The defects induced by hydrogen absorption and desorption in the lanthanum-nickel compound were recently observed by Transmission-Electron-Microscopy, allowing to suggest what exactly is behind those mysterious root mean square strain and mean apparent size values estimated from powder data. The electron-microscopy study evidenced many kind of dislocations (ripple-like, fence-like, misfits, and loops), also anti-phase boundaries, fracture of slip band structure, structural disorder and micro-twins. All these defects have effects on the powder pattern that are gathered in those size and microstrain values. Progress and innovations in microstructure analysis by the Rietveld method will never overcome this fact : the powder pattern reveals the whole problem at a one-dimensional scale, and as a mean.

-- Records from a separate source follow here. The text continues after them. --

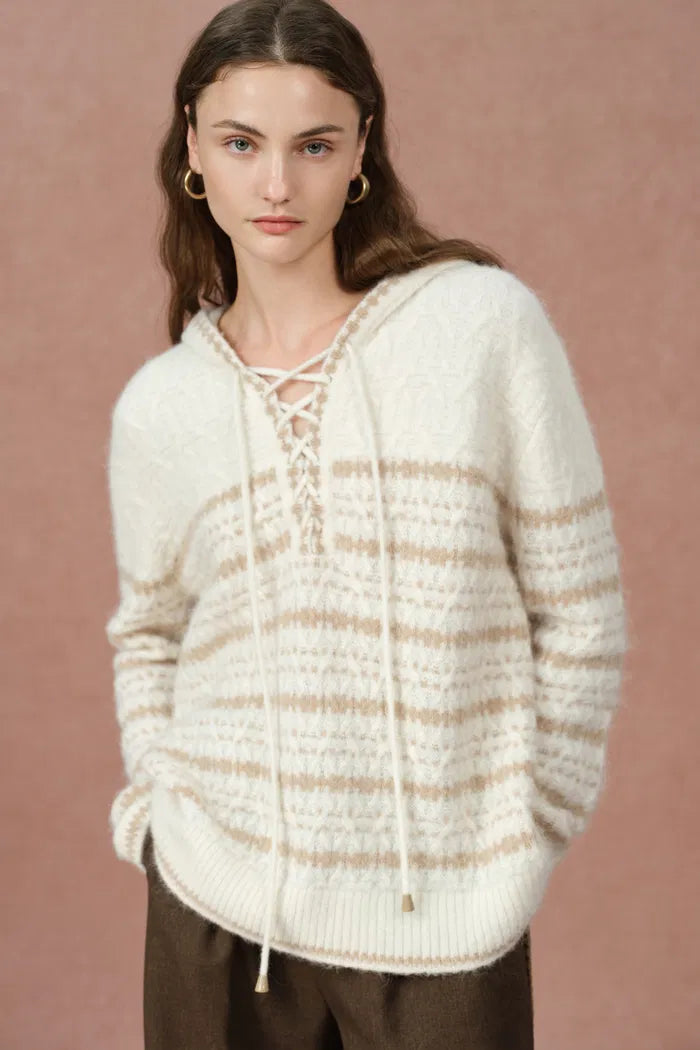 Clara Striped Cable Hoodie Sweater in Wool-Alpaca Blend Knit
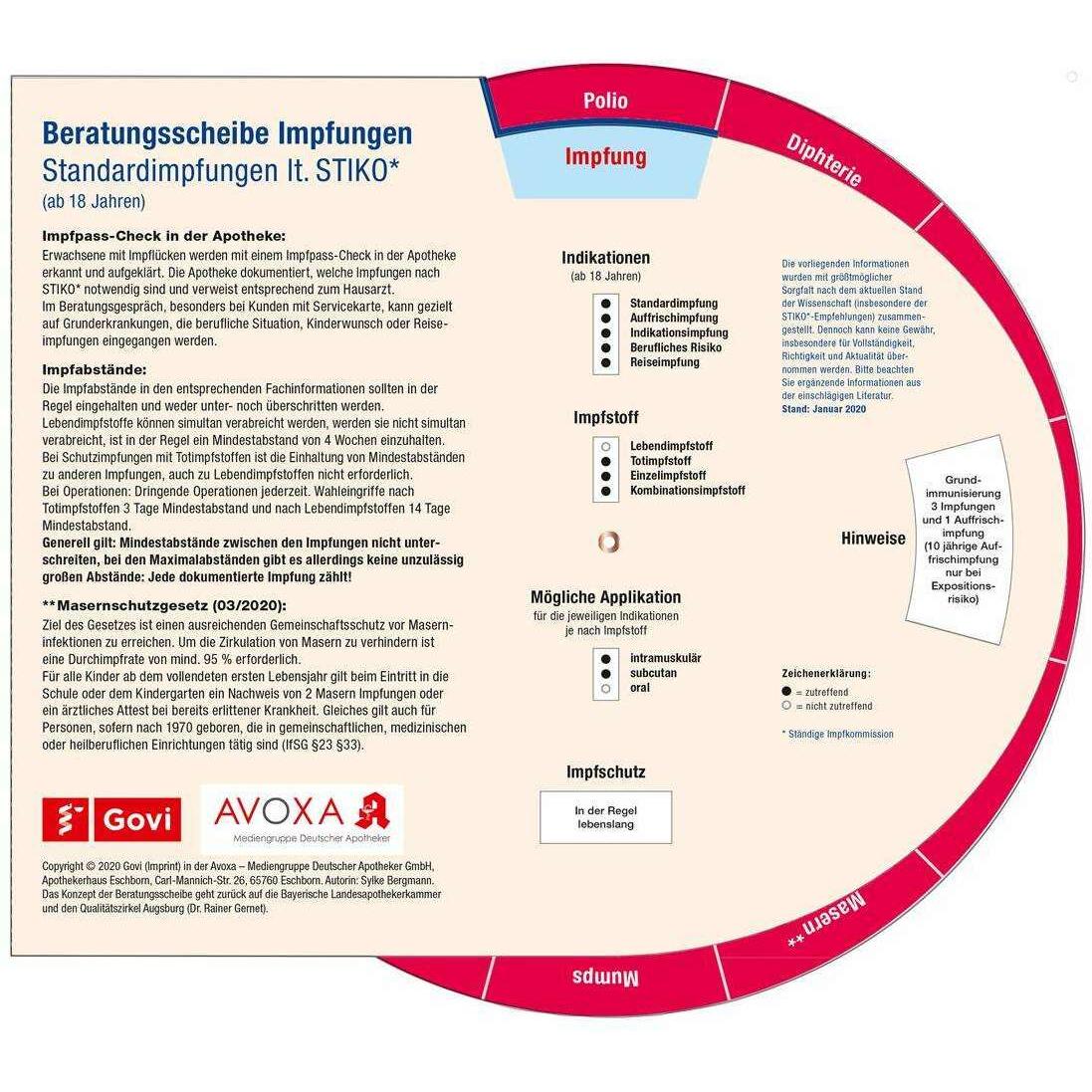 Beratungsscheibe Impfungen, Fachbücher von Sylke Bergmann
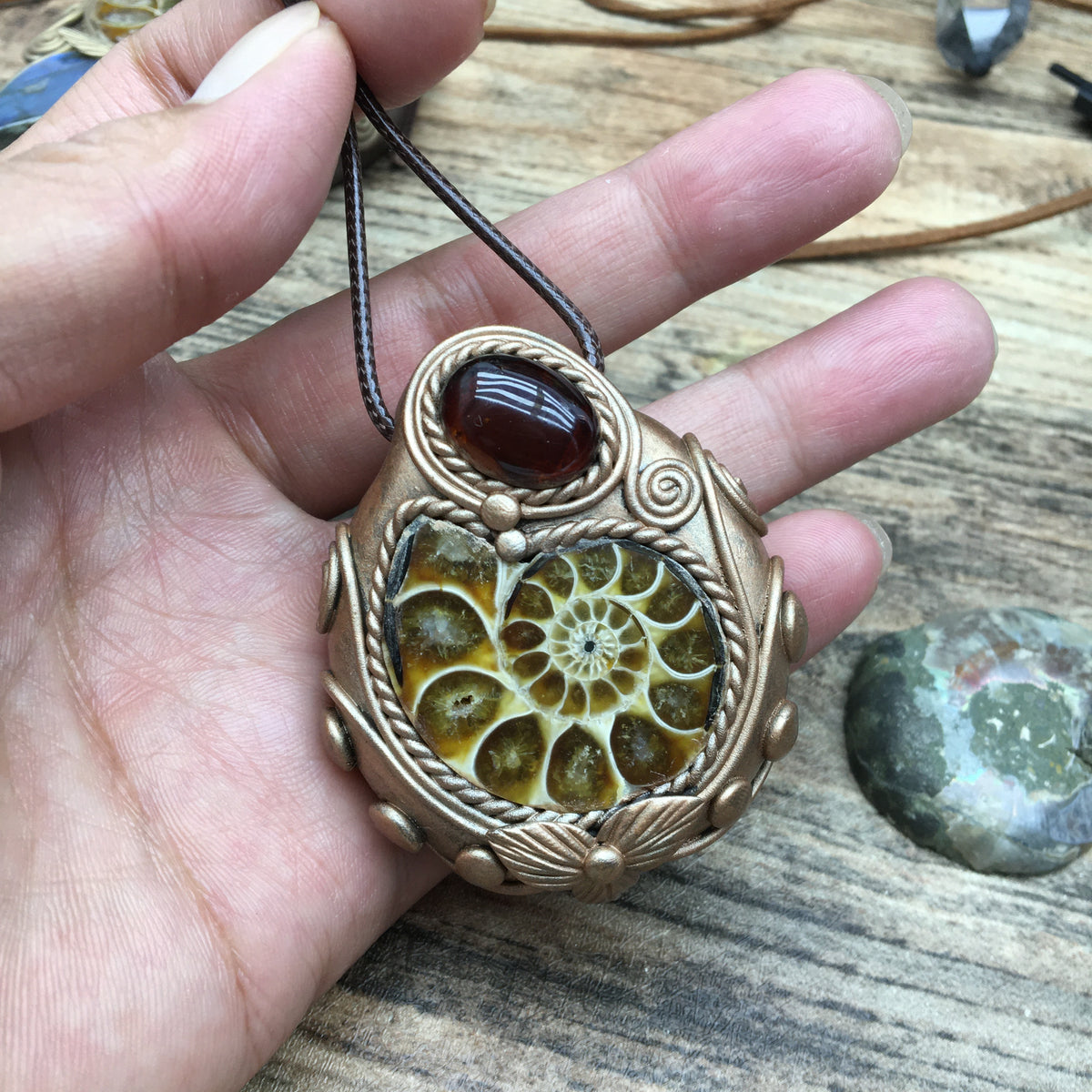 Natural Ammonite Fossil & Blood Amber Pendant Necklace - Handcrafted pendant Jewelry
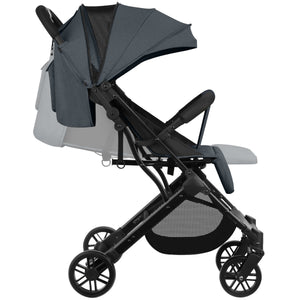 Pushchair Finn - foldable, 5-point harness, one-hand folding, easy-care fabric - anthracite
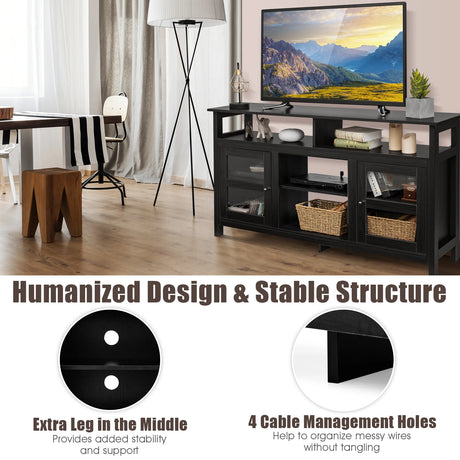 58 Inch TV Stand Entertainment Console Center with 2 Cabinets-Black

The trend to deal qualitatively
with microstructure effects is illustrated with the case of Norbornane.
Fitting with isotropic line broadening was a kind of disaster. The synchrotron
powder pattern was then fitted with the MPROF Rietveld program, using empirical
simulation of anisotropic line broadening. In this approach, each usual
U, V, and W parameters which describe the peak width and also the peak
shape angular variation, was made hkl-dependent through second-rank
tensors, leading to thirty-six variables maximum in the triclinic case.
The RP value was lowered by almost a factor 2.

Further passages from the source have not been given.